Here’s an illustration of intelligence: You can’t ask WAVE to evaluate whether a specific ARIA attribute was the best choice.
But tilting the see-saw back the other way, ChatGPT won’t return a reliable list of almost issues that can be flagged by automation within a few seconds. GPT also won’t highlight the issues on your website and educate you on accessibility as you look through the issues.
ChatGPT vs. Accessible.org
If you’ve read this far, you already know how this story ends.
Virtually all of our clients come to us because they want an ADA website compliance audit and there is no AI tool on the market that even comes remotely close to being able to evaluate a website based on WCAG 2.1 AA or any other technical standard.
For all of the reasons listed above and more, it’s just not happening.
Now we’re confident that some really nice AI tools will eventually make their way onto the market, but will they practically yield any benefit to customers?
As mentioned, our clients are interested in ADA compliance. Essentially, this means they don’t want to get sued over website accessibility.
If a tool comes out that can reliably audit for 40% of accessibility issues (rather than 25% currently), how much of a practical difference does that make for clients who still need services to ensure their website is ADA compliant?
Obviously, part of the value would depend on what the additional accessibility issues were, but our point is that attention to detail is critical and a scan that isn’t conclusive won’t have significant practical value for the majority of website owners.
Accessibility Software
Which leads to our next point: accessibility software is really more for accessibility professionals than it is for website owners.

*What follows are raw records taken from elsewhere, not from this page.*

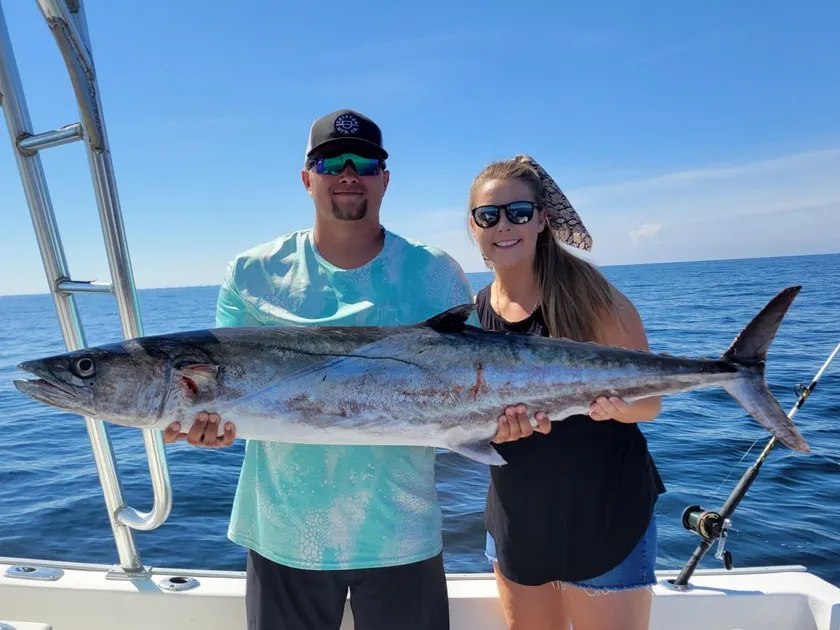 Dawn Patrol anglers holding a king mackerel beside the boat tower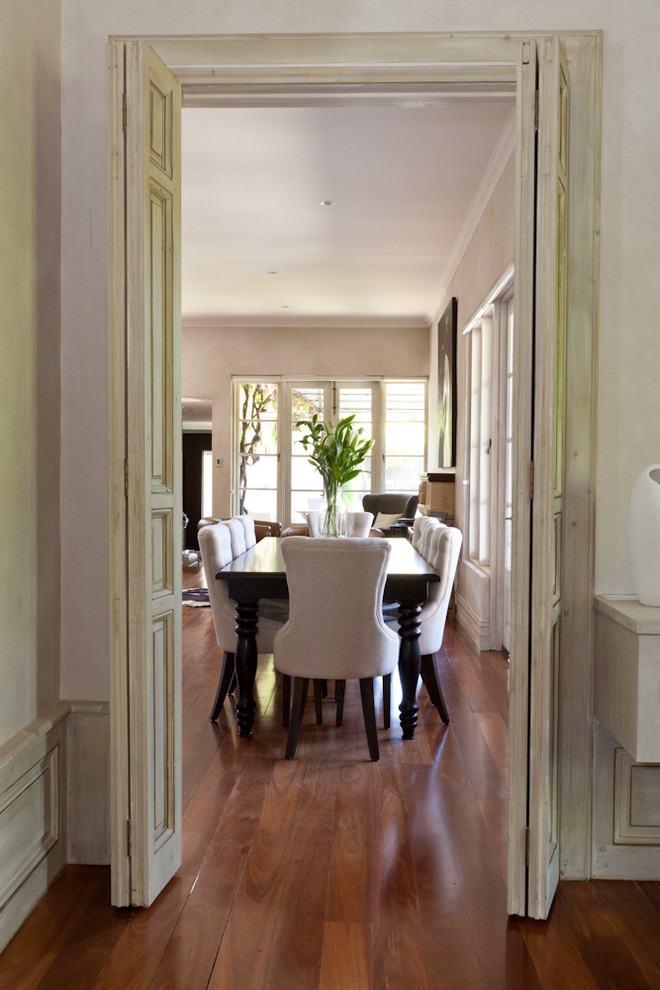 Foto di una grande sala da pranzo aperta verso la cucina chic con pareti beige e pavimento in legno massello medio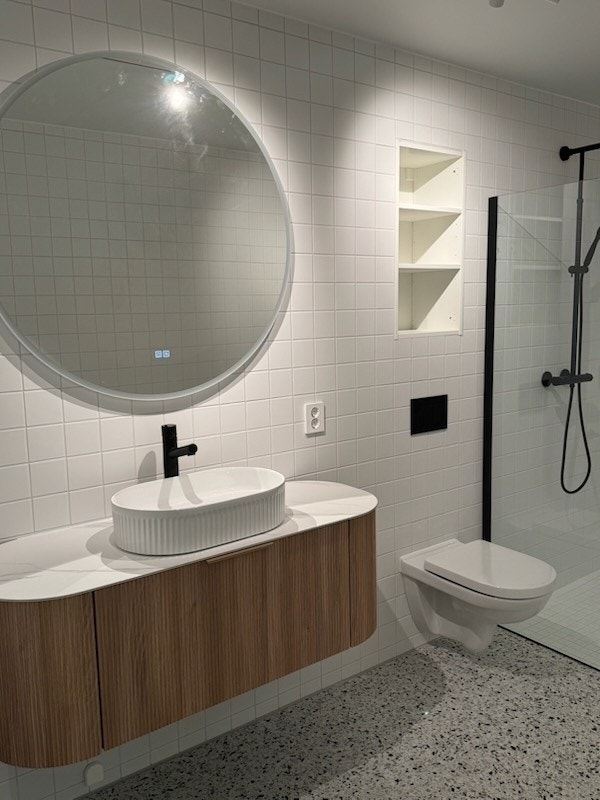 Stort bad med dusjhjørne, vegghengt toalett, servant, speil, vaskemaskin. Galleribilde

Because there are various tools – including software, applications, and AI – that really do aid us in finding accessibility issues, but we’re working in accessibility and we know the strengths and weaknesses of these tools and how to leverage them.
In contrast, many website owners don’t fully understand the tools they use. For example, many people think that scans like Google Lighthouse and WAVE are ADA website compliance checkers and that all they have to do is get their errors down to 0 and they’re finished with accessibility.
And going back to AI prompting, people that use LLMs might not know enough about digital accessibility to be able to extract the right information from AI.
Summary
AI is already wild in what it can do and its capabilities are accelerating at a rapid pace. But asking AI to audit a website’s accessibility in 2024 is currently unrealistic.
Look out for breakthroughs in artificial general intelligence (AGI) because this is when AI will quickly turn a corner in accessibility.
As for new accessibility AI tools including possible fine-tuned LLM models, we may not see a momentous breakthrough before AGI takes over. Even if a big release is announced, it would likely be rushed to market with early customers essentially being beta testers.
And some of the first issues they would find would be with the AI results themselves.